### [Aim of the exercise]
Your answer should be the records below, written out exactly.
-------- Supplied material --------
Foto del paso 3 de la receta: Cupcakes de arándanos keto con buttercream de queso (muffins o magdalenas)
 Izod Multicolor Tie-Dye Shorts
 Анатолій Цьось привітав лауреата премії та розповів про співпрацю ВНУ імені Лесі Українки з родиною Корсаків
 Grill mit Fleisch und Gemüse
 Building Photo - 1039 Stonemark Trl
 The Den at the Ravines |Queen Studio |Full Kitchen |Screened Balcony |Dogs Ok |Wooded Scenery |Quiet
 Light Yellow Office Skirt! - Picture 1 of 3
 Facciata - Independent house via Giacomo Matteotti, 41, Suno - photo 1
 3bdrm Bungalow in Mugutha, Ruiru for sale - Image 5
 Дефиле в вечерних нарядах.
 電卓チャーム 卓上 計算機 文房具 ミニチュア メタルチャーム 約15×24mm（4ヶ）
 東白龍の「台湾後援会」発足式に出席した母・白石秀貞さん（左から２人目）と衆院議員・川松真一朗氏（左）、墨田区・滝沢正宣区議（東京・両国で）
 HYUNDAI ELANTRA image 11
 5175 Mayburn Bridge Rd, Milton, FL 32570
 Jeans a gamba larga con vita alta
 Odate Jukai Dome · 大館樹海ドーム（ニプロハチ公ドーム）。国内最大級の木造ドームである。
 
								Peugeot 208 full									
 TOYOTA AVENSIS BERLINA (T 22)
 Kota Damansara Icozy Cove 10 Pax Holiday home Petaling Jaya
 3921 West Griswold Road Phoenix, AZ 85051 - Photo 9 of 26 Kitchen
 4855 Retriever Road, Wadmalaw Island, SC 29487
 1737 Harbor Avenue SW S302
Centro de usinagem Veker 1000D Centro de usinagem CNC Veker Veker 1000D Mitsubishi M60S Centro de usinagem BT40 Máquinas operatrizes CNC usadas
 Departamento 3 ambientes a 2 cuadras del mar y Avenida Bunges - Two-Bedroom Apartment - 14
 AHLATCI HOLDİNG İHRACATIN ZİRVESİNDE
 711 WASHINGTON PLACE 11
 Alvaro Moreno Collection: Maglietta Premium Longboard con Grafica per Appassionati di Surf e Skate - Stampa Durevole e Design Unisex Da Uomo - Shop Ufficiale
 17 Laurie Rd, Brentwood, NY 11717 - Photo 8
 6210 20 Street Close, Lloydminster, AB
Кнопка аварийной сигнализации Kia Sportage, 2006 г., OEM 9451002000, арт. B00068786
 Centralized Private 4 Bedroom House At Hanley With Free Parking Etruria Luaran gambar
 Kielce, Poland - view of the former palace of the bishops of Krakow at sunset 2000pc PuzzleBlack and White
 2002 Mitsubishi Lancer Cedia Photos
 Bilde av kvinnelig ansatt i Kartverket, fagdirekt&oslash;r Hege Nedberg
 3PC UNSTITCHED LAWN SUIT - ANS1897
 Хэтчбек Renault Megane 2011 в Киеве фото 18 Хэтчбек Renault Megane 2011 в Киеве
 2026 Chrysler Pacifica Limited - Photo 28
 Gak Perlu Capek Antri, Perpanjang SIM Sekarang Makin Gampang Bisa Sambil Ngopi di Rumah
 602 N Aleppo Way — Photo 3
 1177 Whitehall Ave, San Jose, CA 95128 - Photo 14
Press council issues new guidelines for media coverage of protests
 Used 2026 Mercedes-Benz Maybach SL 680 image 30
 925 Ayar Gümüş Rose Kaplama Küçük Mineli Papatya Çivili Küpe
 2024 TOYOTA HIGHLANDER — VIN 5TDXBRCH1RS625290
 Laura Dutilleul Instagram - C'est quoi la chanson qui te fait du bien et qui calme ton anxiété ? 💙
--------
### [Result of this task]
Foto del paso 3 de la receta: Cupcakes de arándanos keto con buttercream de queso (muffins o magdalenas)
 Izod Multicolor Tie-Dye Shorts
 Анатолій Цьось привітав лауреата премії та розповів про співпрацю ВНУ імені Лесі Українки з родиною Корсаків
 Grill mit Fleisch und Gemüse
 Building Photo - 1039 Stonemark Trl
 The Den at the Ravines |Queen Studio |Full Kitchen |Screened Balcony |Dogs Ok |Wooded Scenery |Quiet
 Light Yellow Office Skirt! - Picture 1 of 3
 Facciata - Independent house via Giacomo Matteotti, 41, Suno - photo 1
 3bdrm Bungalow in Mugutha, Ruiru for sale - Image 5
 Дефиле в вечерних нарядах.
 電卓チャーム 卓上 計算機 文房具 ミニチュア メタルチャーム 約15×24mm（4ヶ）
 東白龍の「台湾後援会」発足式に出席した母・白石秀貞さん（左から２人目）と衆院議員・川松真一朗氏（左）、墨田区・滝沢正宣区議（東京・両国で）
 HYUNDAI ELANTRA image 11
 5175 Mayburn Bridge Rd, Milton, FL 32570
 Jeans a gamba larga con vita alta
 Odate Jukai Dome · 大館樹海ドーム（ニプロハチ公ドーム）。国内最大級の木造ドームである。
 
								Peugeot 208 full									
 TOYOTA AVENSIS BERLINA (T 22)
 Kota Damansara Icozy Cove 10 Pax Holiday home Petaling Jaya
 3921 West Griswold Road Phoenix, AZ 85051 - Photo 9 of 26 Kitchen
 4855 Retriever Road, Wadmalaw Island, SC 29487
 1737 Harbor Avenue SW S302
Centro de usinagem Veker 1000D Centro de usinagem CNC Veker Veker 1000D Mitsubishi M60S Centro de usinagem BT40 Máquinas operatrizes CNC usadas
 Departamento 3 ambientes a 2 cuadras del mar y Avenida Bunges - Two-Bedroom Apartment - 14
 AHLATCI HOLDİNG İHRACATIN ZİRVESİNDE
 711 WASHINGTON PLACE 11
 Alvaro Moreno Collection: Maglietta Premium Longboard con Grafica per Appassionati di Surf e Skate - Stampa Durevole e Design Unisex Da Uomo - Shop Ufficiale
 17 Laurie Rd, Brentwood, NY 11717 - Photo 8
 6210 20 Street Close, Lloydminster, AB
Кнопка аварийной сигнализации Kia Sportage, 2006 г., OEM 9451002000, арт. B00068786
 Centralized Private 4 Bedroom House At Hanley With Free Parking Etruria Luaran gambar
 Kielce, Poland - view of the former palace of the bishops of Krakow at sunset 2000pc PuzzleBlack and White
 2002 Mitsubishi Lancer Cedia Photos
 Bilde av kvinnelig ansatt i Kartverket, fagdirekt&oslash;r Hege Nedberg
 3PC UNSTITCHED LAWN SUIT - ANS1897
 Хэтчбек Renault Megane 2011 в Киеве фото 18 Хэтчбек Renault Megane 2011 в Киеве
 2026 Chrysler Pacifica Limited - Photo 28
 Gak Perlu Capek Antri, Perpanjang SIM Sekarang Makin Gampang Bisa Sambil Ngopi di Rumah
 602 N Aleppo Way — Photo 3
 1177 Whitehall Ave, San Jose, CA 95128 - Photo 14
Press council issues new guidelines for media coverage of protests
 Used 2026 Mercedes-Benz Maybach SL 680 image 30
 925 Ayar Gümüş Rose Kaplama Küçük Mineli Papatya Çivili Küpe
 2024 TOYOTA HIGHLANDER — VIN 5TDXBRCH1RS625290
 Laura Dutilleul Instagram - C'est quoi la chanson qui te fait du bien et qui calme ton anxiété ? 💙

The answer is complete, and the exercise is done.